Add to that the way that players spoke about Wallace’s leadership and taking charge during the Q&A section of the Meet The Players evening, there are some strong indicators that the veteran winger is the team’s captain, though no official announcement has been made.
Ryan Lannon is another guy that could be seen as ideal in a leadership role for the Lightning, with the 35-year-old defenceman having a wealth of experience both as a player and as a coach.
Lannon has 318 AHL games under his belt and has played for KalPa in the Finnish Liiga and Graz 99ers in the then-top league in Austria.
He is the oldest player on the team and his coaching experience gives him a well-rounded view of the game, something that younger player can look to learn from.
He might not be seen as the team’s main leader, with Wallace emerging in that role, but he could certainly be viewed as the leader of the defence and a solid first alternate captain.
Another player that could be in the conversation as an alternate captain for the Lightning is British defenceman James Griffin.
Griffin is the longest serving player on the team, having joined from the Coventry Blaze in the 2015/16 season, and has 243 Elite League games under his belt at the age of 25.
Prior to Coach McKay’s arrival, when players were responsible for all aspects of training, Griffin was in charge of the team’s off-ice/fitness training.
Couple that with the fact that Griffin was tasked with welcoming the new players and ensuring they all settled in their new environment, there are clear signs that McKay views Griffin as a possible leader on this team.
He is a solid stay-at-home defenceman and his absence has been missed in recent games, highlighting his importance to the team.
Having a home-grown player given the ‘A’ would also be a logical move, particularly with Griffin himself being the most familiar with the team and its fan base.
In hockey, teams typically name a captain (indicated by the ‘C’ on their jersey) and can name up to three alternate (‘A’) captains.
Teams can, however, name a set of up to four alternates if they wish to operate a captain-by-committee role.
In this scenario, it is presumed that Wallace is given the ‘C’ and the team would operate with three alternate captains – though it is common to have just two.
Michael Fine would likely be the third alternate captain if this is the route that McKay decided to go down.

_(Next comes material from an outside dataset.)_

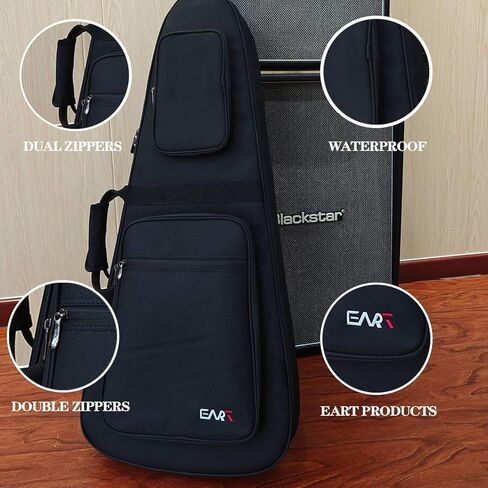حقيبة جيتار كهربائي بدون رأس مقاس 36 بوصة من إيرت، حقيبة جيتار كهربائي ناعمة من النايلون المقاوم للماء مع حزام كتف مزدوج قابل للتعديل، أسود in Kuwait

The 27-year-old Canadian, as previously mentioned, was part of the group that led the Lightning’s on-ice training prior to the coach’s arrival.
Fine is also no stranger to being given captaincy responsibilities – having worn the ‘C’ for the Ryerson Rams for three years, sporting an ‘A’ for a year prior to being promoted.
He is less vocal and tends to focus on his work on the ice, but his experience in a leadership role should not be understated and could certainly see him given a look if official captains a named later on this season.
The role of a captain in hockey has become a hot topic of debate in recent years, with many teams at the highest level not naming full-time captains given the diminished role they play in the modern game.
But the tradition of having a captain is one that players respect and the honour of wearing a letter on their jersey is something most players would cherish and something that truly indicates who the leaders of a team are.
As for the Lightning, there is currently no indication that a captain will be named in the near future with the players and Coach McKay firmly focused on what happens on the ice more than what happens off it.
The Smith Recycling Milton Keynes Lightning return to the ice this Saturday (29th September) in their Elite League fixture away to the Manchester Storm, followed by a league tilt against the Dundee Stars at Planet Ice MK Arena on Sunday 30th.